Capital: Melbourne 3,634,200
Population Density:
Including capital city – 57.21 per square mile [22.09 per square kilometre]
Excluding capital city – 15.82 per square mile [6.11 per square kilometre] (Rank 7 of 7).
Pluses: good rainfall across much of the state, good land fertility.
Minuses: high population density (massive Golden Horde potential), extremely high bush fire danger.
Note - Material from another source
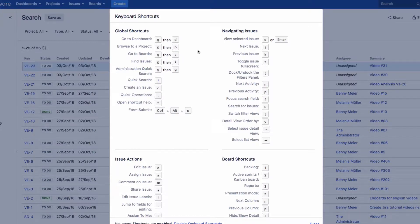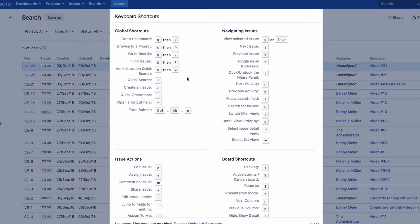You can see several actions in the dialog. Global shortcuts can be used anywhere within JIRA to access the dashboard, find an issue, or even create a new issue. When you work with issues, use the shortcuts in the Navigating Issues section.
Area: 26,409 square miles {68,401 square kilometres} (rank 7 of 7).
Population: 485,700 (2005).
Capital: Hobart 203,600
Population Density:
Including capital city- 18.39 per square mile [7.10 per square kilometre]
Excluding capital city- 10.68 per square mile [4.12 per square kilometre] (Rank 6 of 7).
Pluses: high rainfall across the state, good land fertility, low bushfire potential, isolation from the mainland, large percentage of wilderness.
Minuses: high population density, cold climate (by Australian standards), isolation from the mainland (isolation can be a double edged sword).

South Australia
Area: 379,724 square miles {983,482 square kilometres} (rank 4 of 7).
Population: 1,542,100 (2005).
Capital: Adelaide 1,129,300
Population Density:
Including capital city- 4.06 per square mile [1.57 per square kilometre]
Excluding capital city- 1.09 per square mile [0.42 per square kilometre] (Rank 3 of 7).
Pluses: low population density.
Minuses: lack of water across the state (South Australia is the driest state in the driest country).

West Australia
Area: 976,790 square miles {2,529,875 square kilometres} (rank 1 of 7).
Population: 2,011,000 (2005).
Capital: Perth 1,477,800
Population Density:
Including capital city- 2.06 per square mile [0.79 per square kilometre]
Excluding capital city- 0.55 per square mile [0.21 per square kilometre] (Rank 2 of 7).
Pluses: very low population density, good rainfall in south-western corner, high rainfall in the tropical north, isolation from the east coast of the country (1000 miles of desert between Perth and Adelaide provides a buffer zone few could/would try to cross WTSHTF), temperate climate in the south-west.
Minuses: lack of water across much of the state, Golden Horde potential in south-west corner, proximity of the tropical north to Indonesia, cyclones and crocs in the north.

Northern Territory
Area: 520,901 square miles {1,349,129 square kilometres} (rank 3 of 7).
Population: 203,400 (2005).
Capital: Darwin 111,800
Population Density:
Including capital city- 0.39 per square mile [0.15 per square kilometre]
Excluding capital city- 0.18 per square mile [0.07 per square kilometre] (Rank 1 of 7).
Pluses: extremely low population density, high rainfall in the north during the wet season.
Minuses: cyclones, crocs, proximity to Indonesia/East Timor, restricted travel during the wet season in the north, lack of water during the dry season in the north and year round in the south.